In the Phelps Lecture that she delivered on Tuesday titled “The Health of Poetry,” Lewis delved into the importance of the form, exploring ideas of creativity and depression.

“I don’t buy this figure of the depressed and suffering poet,” Lewis says. “Poetry teaches you strategies to deal with depression. I think poets get this reputation for being depressed because they spend more time in tough terrain, not because they’re more delicate.”

But Lewis believes that poetry also has a meaning beyond the individual poet; it resonates physically within an individual and politically within a society.

“If we don’t have language that’s robust and honest on the political level, we get sick as a society,” Lewis says. “Poetry shows language at its most eloquent, and the whole of society needs it.”

Now at Harvard, Lewis is excited about her tenure as a Radcliffe Institute Fellow, and the chance to further develop her work.

“It’s all about people,” she says, “meeting the amazing people who are living and working and visiting Harvard, because you can’t replace that.”

As a member of the Lowell House Senior Common Room, Lewis has the opportunity to eat and talk—activities that she considers of the utmost importance—with undergraduates and members of the Lowell community. She says that she loves the opportunity to learn from the students and often finds herself mostly listening to them rather than talking herself.

In such an intellectual community, even Lewis, a well-respected writer, was intimidated at first. “I remember thinking the first week that I must think carefully before asking a question,” she says.

But Lewis is not a figure who has shied away from a public role. As the first National Poet of Wales, Lewis filled a more visible position that allowed her to participate in public events, such as a poem recitation at the new Parliament building in Cardiff in front of the Queen.

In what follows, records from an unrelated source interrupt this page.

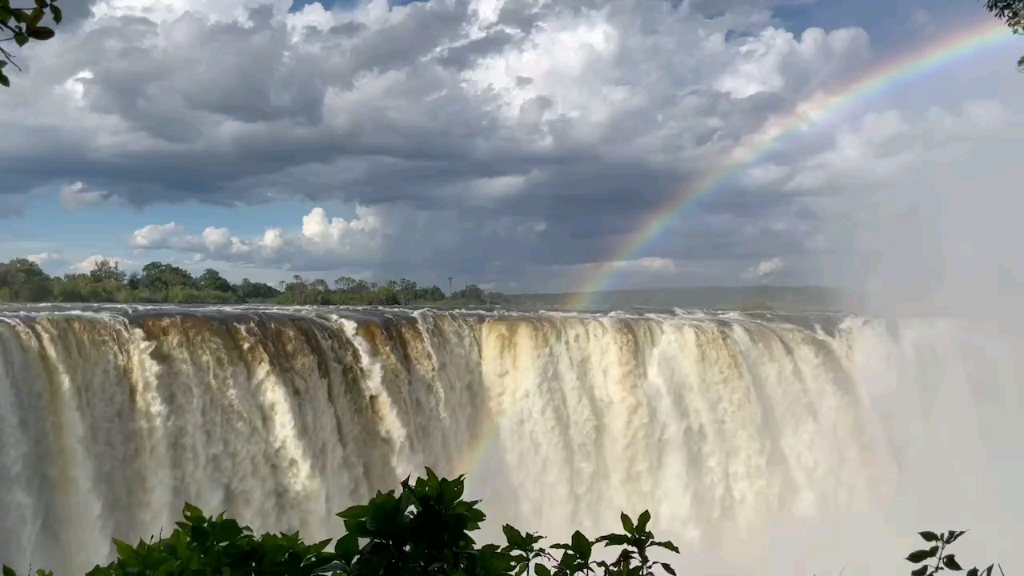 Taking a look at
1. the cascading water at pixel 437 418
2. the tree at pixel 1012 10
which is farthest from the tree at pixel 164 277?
the tree at pixel 1012 10

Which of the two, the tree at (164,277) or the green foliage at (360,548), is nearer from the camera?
the green foliage at (360,548)

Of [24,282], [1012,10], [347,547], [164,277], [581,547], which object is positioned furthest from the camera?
[164,277]

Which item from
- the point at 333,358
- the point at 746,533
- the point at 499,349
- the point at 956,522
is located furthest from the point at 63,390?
the point at 956,522

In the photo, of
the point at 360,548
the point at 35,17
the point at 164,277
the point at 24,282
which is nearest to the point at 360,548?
the point at 360,548

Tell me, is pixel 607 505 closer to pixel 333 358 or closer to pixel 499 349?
pixel 499 349

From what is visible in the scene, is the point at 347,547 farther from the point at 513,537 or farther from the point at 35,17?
the point at 35,17

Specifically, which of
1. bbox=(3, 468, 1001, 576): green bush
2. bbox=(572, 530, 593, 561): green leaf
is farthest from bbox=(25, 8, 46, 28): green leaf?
bbox=(572, 530, 593, 561): green leaf

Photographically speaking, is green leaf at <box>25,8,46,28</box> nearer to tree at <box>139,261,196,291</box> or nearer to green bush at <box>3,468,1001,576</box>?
green bush at <box>3,468,1001,576</box>

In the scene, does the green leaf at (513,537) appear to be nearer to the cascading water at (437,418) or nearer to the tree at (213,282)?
the cascading water at (437,418)

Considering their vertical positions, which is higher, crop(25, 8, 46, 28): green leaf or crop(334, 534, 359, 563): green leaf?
crop(25, 8, 46, 28): green leaf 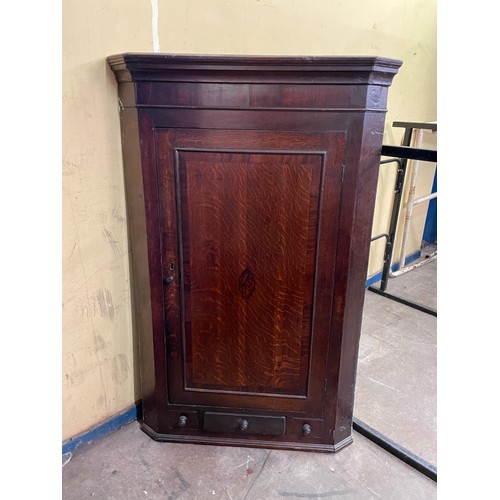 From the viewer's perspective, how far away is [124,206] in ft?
4.93

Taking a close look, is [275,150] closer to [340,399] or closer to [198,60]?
[198,60]

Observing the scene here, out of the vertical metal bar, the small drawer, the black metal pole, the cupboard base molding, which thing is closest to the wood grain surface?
the small drawer

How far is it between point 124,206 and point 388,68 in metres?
0.98

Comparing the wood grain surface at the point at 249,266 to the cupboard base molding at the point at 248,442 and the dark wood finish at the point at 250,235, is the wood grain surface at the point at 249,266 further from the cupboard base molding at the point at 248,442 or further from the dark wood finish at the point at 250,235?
the cupboard base molding at the point at 248,442

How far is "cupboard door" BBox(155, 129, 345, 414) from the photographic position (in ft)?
4.25

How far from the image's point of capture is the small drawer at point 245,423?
1.62m

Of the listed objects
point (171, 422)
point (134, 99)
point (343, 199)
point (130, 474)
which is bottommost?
point (130, 474)

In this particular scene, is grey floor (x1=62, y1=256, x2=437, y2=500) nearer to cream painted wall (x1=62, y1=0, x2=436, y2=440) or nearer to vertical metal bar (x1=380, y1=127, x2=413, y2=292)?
cream painted wall (x1=62, y1=0, x2=436, y2=440)

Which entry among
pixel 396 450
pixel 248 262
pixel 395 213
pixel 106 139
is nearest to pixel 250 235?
pixel 248 262

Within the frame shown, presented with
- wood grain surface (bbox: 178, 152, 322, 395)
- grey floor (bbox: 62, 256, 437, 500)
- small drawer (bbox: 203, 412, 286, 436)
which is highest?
wood grain surface (bbox: 178, 152, 322, 395)

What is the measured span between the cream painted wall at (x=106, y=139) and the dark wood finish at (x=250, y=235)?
0.07m

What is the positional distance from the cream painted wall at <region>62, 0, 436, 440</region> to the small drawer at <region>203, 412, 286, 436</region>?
38 centimetres

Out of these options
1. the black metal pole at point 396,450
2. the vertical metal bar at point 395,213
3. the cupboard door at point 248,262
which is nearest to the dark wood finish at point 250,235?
the cupboard door at point 248,262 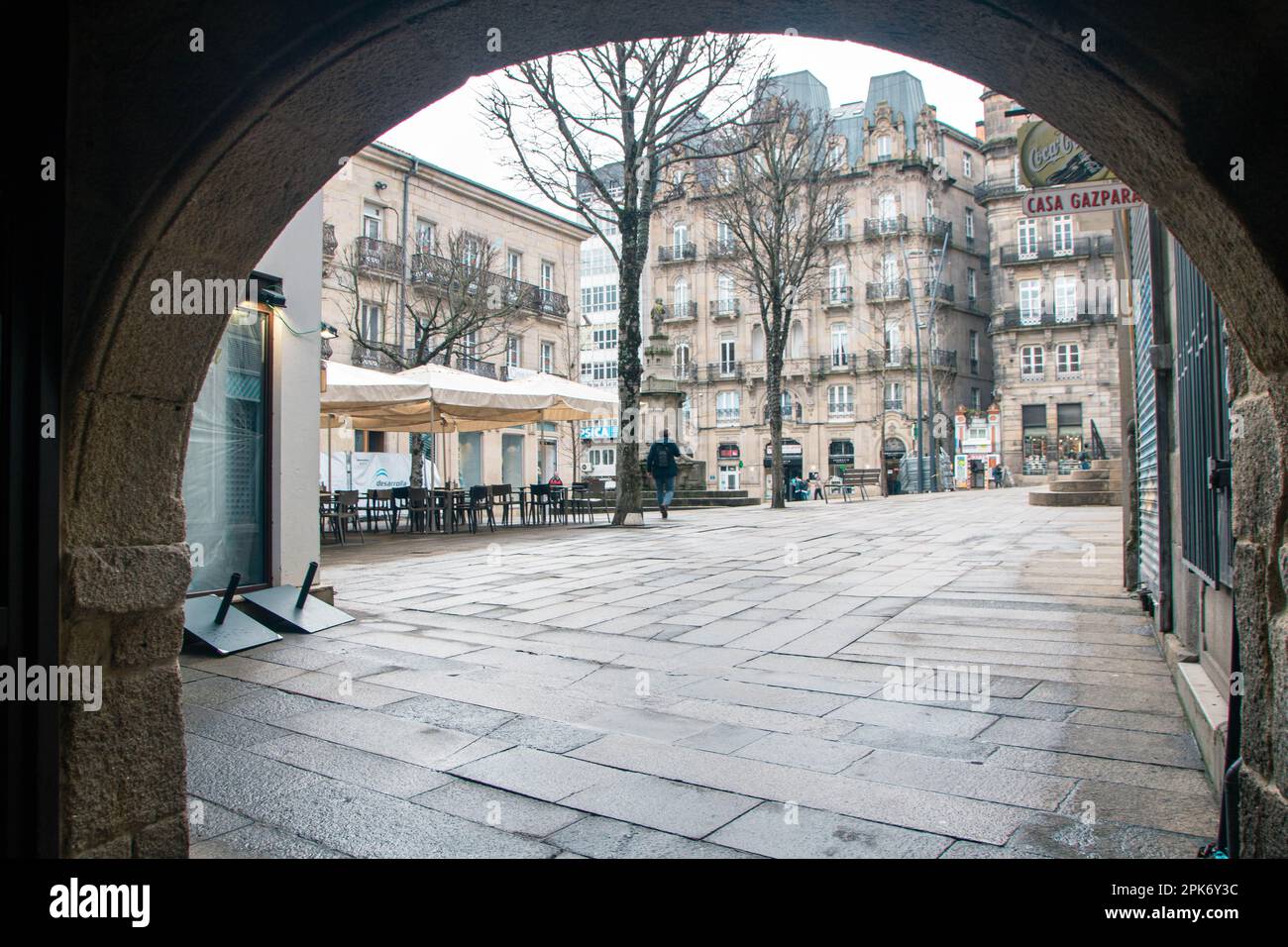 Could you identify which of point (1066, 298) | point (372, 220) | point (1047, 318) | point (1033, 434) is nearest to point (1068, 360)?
point (1047, 318)

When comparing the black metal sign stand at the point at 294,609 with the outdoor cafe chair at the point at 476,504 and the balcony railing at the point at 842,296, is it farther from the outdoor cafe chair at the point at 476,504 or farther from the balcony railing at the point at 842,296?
the balcony railing at the point at 842,296

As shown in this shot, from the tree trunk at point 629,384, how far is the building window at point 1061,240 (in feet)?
123

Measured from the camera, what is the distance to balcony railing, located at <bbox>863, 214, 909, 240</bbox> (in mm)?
49312

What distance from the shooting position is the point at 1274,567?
2020 millimetres

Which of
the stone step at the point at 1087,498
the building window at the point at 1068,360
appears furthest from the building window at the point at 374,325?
the building window at the point at 1068,360

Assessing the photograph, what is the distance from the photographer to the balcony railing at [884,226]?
4931 cm

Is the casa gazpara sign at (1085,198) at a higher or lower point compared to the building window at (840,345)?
lower

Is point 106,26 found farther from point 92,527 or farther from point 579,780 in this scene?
point 579,780

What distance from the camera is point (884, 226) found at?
50.0 meters

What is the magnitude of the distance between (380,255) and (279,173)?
93.7ft

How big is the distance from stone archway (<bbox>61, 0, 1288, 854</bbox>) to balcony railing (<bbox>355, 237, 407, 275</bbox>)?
27.2m

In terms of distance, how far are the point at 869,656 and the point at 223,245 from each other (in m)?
3.87

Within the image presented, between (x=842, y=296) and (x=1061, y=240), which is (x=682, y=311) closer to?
(x=842, y=296) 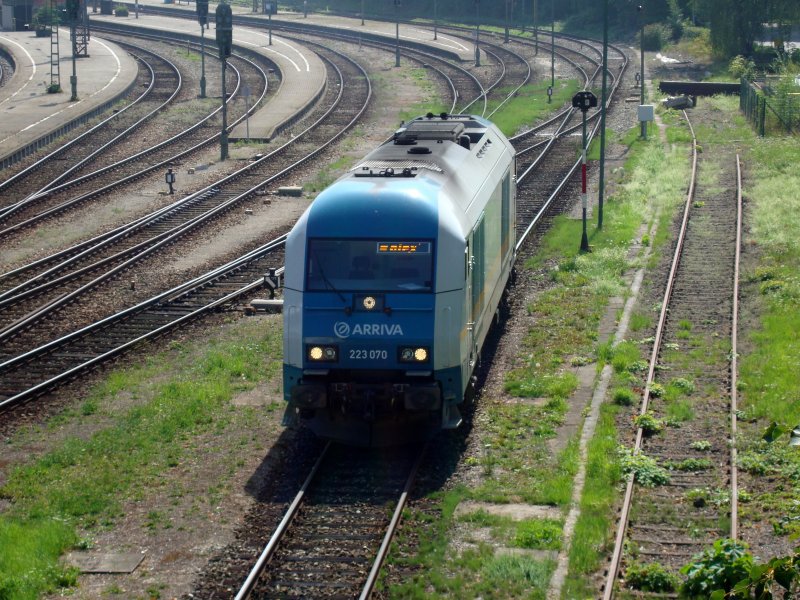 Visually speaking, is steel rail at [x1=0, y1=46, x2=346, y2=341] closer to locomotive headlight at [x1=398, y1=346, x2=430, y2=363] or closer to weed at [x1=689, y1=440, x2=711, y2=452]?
locomotive headlight at [x1=398, y1=346, x2=430, y2=363]

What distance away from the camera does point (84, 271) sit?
2400 cm

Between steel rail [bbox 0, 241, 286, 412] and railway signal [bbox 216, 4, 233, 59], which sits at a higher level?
railway signal [bbox 216, 4, 233, 59]

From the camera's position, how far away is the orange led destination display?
46.3ft

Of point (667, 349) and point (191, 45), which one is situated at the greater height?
point (191, 45)

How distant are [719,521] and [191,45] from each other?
6063 centimetres

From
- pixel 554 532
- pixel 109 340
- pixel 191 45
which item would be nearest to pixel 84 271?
pixel 109 340

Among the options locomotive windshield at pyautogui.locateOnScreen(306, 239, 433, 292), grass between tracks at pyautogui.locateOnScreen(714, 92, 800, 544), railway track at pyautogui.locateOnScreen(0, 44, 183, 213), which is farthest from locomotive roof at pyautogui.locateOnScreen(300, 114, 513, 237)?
railway track at pyautogui.locateOnScreen(0, 44, 183, 213)

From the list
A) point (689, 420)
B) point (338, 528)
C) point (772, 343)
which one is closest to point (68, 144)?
point (772, 343)

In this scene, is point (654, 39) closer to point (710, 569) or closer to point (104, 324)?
point (104, 324)

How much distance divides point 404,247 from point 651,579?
4.98 meters

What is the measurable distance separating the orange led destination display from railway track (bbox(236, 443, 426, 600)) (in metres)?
2.48

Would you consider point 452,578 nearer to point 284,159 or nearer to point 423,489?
point 423,489

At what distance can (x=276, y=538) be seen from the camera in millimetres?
12055

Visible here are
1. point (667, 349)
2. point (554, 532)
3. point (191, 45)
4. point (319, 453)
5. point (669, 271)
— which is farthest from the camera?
point (191, 45) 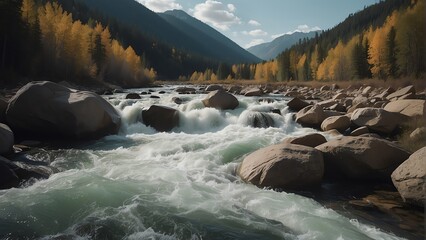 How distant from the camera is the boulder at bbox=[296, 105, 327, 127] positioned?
785 inches

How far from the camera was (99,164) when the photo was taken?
1215cm

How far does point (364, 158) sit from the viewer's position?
10.5m

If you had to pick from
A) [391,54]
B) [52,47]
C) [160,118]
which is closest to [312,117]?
[160,118]

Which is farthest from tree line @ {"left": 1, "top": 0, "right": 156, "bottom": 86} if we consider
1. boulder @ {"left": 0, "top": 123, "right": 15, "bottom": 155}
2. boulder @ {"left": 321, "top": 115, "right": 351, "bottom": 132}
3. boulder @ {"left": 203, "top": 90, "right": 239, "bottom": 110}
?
boulder @ {"left": 321, "top": 115, "right": 351, "bottom": 132}

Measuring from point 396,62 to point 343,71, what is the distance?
68.8 ft

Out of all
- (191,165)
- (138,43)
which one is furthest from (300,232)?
(138,43)

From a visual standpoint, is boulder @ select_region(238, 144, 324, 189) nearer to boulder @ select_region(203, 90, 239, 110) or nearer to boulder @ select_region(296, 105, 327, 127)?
boulder @ select_region(296, 105, 327, 127)

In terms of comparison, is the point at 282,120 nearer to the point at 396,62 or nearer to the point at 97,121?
the point at 97,121

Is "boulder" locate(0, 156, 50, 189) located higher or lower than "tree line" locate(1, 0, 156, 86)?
lower

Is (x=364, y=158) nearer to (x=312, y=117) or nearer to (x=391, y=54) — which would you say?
(x=312, y=117)

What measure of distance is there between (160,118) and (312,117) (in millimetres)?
9248

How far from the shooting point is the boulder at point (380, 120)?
1589cm

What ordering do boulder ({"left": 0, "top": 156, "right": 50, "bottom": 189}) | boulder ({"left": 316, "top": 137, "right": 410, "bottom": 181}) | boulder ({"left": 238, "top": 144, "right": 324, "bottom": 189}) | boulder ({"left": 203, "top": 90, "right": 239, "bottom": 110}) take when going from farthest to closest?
boulder ({"left": 203, "top": 90, "right": 239, "bottom": 110}), boulder ({"left": 316, "top": 137, "right": 410, "bottom": 181}), boulder ({"left": 238, "top": 144, "right": 324, "bottom": 189}), boulder ({"left": 0, "top": 156, "right": 50, "bottom": 189})

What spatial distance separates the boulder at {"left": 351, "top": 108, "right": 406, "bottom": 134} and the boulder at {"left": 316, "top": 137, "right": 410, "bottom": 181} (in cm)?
554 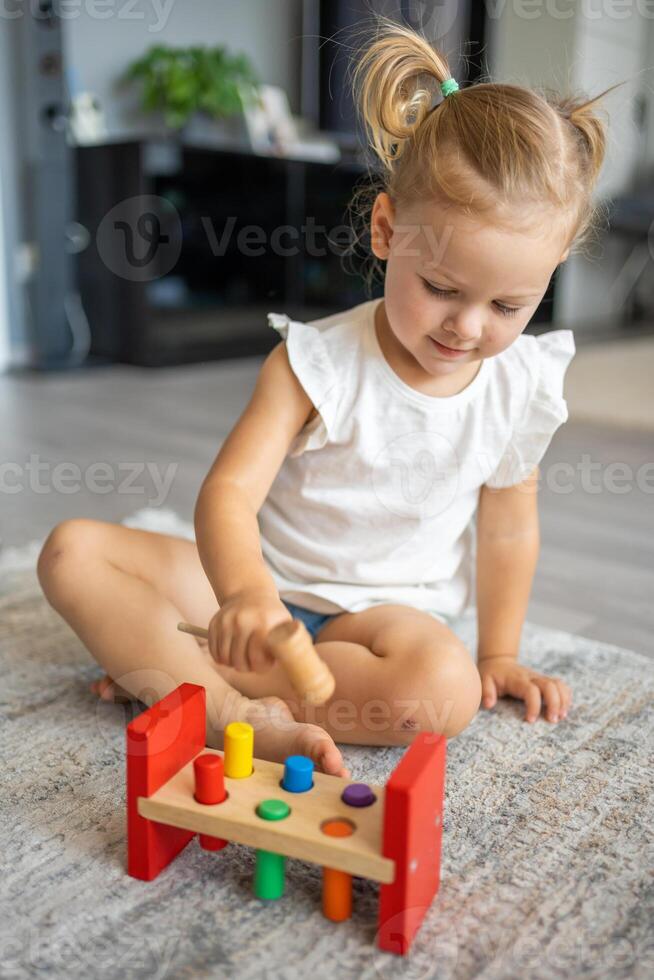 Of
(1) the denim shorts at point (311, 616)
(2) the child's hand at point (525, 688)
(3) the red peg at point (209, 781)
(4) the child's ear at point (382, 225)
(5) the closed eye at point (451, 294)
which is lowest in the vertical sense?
(2) the child's hand at point (525, 688)

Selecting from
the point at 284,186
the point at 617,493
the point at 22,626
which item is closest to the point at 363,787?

For Lewis, the best part of being a National Poet was her interactions with ordinary people. “I met all kinds of people and experienced a tremendous amount of warmth from ordinary people. I didn’t expect that,” she says. “People would come up to me and say ‘Are you the poet?’”

Currently, Lewis is working on two plays based on the Clytemnestra story, as well as a novella that is a retelling of a medieval Welsh tale. She says that she has been speaking with Harvard faculty members to help her research these projects.

Lewis says that she cherishes the Harvard environment for its depth and diversity across different disciplines and is grateful to now be at Harvard. “The first morning I was walking down Brattle Street,” she says, “and just burst into tears because I was so happy to be back.”